Machining or metal cutting is one subtractive manufacturing process that indicates layer by layer material is gradually removed from the workpiece to impart desired shape, size and finish. In conventional machining processes (such as turning, threading, milling, facing, drilling, boring, etc.), material is removed with the assistance of a wedge shaped cutting tool. Here the cutting tool compresses a thin layer of work material and gradually shears it off in the form of chips. This chip, initially after forming, flows under pressure over the rake surface of the cutting tool before it leaves the cutting zone. Accordingly, the chip is mechanically deformed due to intense contact pressure. This leads to the formation of Secondary Deformation Zone surrounding the contact region between chip and cutter.
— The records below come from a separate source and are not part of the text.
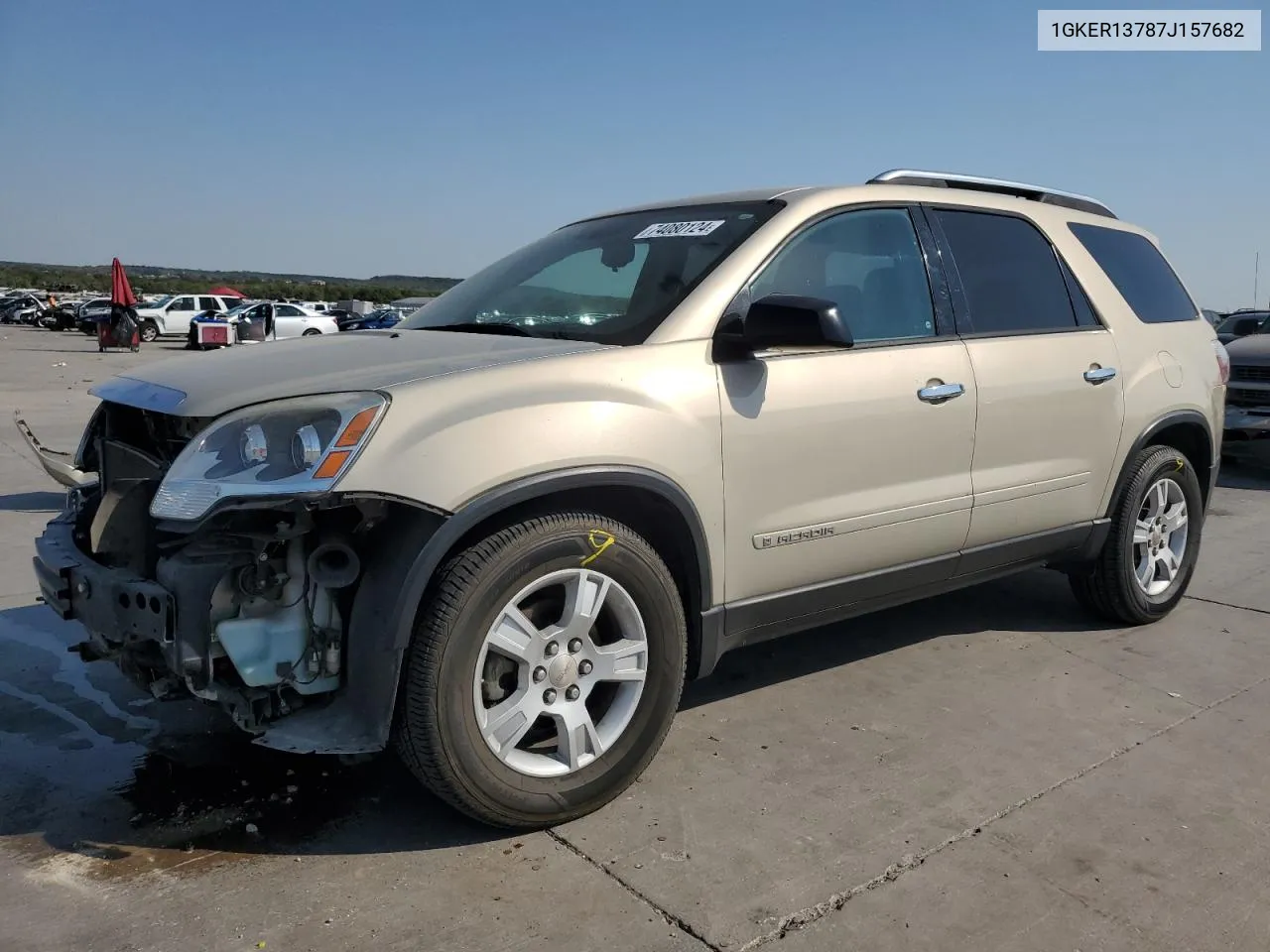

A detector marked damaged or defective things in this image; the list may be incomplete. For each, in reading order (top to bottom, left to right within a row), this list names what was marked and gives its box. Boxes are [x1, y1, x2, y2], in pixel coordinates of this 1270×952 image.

front end damage [24, 404, 446, 751]
damaged suv [22, 170, 1229, 827]
crack in concrete [1178, 596, 1270, 619]
crack in concrete [548, 827, 726, 952]
crack in concrete [731, 669, 1270, 952]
Presence of relative velocity between the chip and cutting tool also leads to intense rubbing and heat generation surrounding the contact region. As the name suggests, Primary Shear Zone occurs surrounding the shear plane where the uncut chip (which is actually a part of work material) is converted into chip. The compressive force exerted by the cutting tool on a thin layer of work material causes development of shear strain. Whenever this shear strain exceeds the shear strength of work material, the material fails by shear and thus one layer slips over another along the assumed shear plane. Here a portion of mechanical energy expended for shearing is converted to heat energy. However, the rate of heat generation at this zone is lower as compared to that occurs in primary deformation zone. Various similarities and differences between primary shear zone and secondary deformation zone are given below.
Similarities between primary shear zone and secondary deformation zone
- Both the zones are imaginary and are assumed to exist for various analysis related to machining.
- Both the zones form simultaneously during every conventional machining process. However, their locations are different.
- Both the zones contribute to heat generation and cutting temperature; however, the rate and extent of heat generation in two different zones vary substantially.
Differences between primary shear zone and secondary deformation zone
| Primary Shear Zone | Secondary Deformation Zone |
|---|---|
| The narrow zone surrounding the shear plane in machining is termed as primary shear zone. | The area surrounding the chip-tool contact region is called the secondary deformation zone. |
| This zone consists of a part of work material (uncut chip) and a part of chip. | This zone consists of a part of chip and a part of cutting tool. |
| Microscopic rubbing (in atomic scale) takes place in this zone due to shearing. | Macroscopic rubbing takes place due to flow of chip over the rake surface under immense pressure. |
| This zone is the secondary source of cutting heat. Its contribution is comparatively lower (10 – 20% of the total cutting heat). | It is the primary source of heat generation in machining. It contributes about 70 – 90% of the total cutting heat generated during machining. |
| Cross-sectional area of this zone depends on uncut chip thickness, shear angle, rake angle, etc. | Cross-sectional area of this zone depends on contact length, chip flow velocity, rake angle, presence of chip breaker, etc. |
References
- Machining and Machine Tools by A. B. Chattopadhyay (Wiley).
- Manufacturing Process for Engineering Materials by S. Kalpakjain and S. Schmid (Pearson Education India).
- Metal Cutting: Theory And Practice by A. Bhattacharya (New Central Book Agency).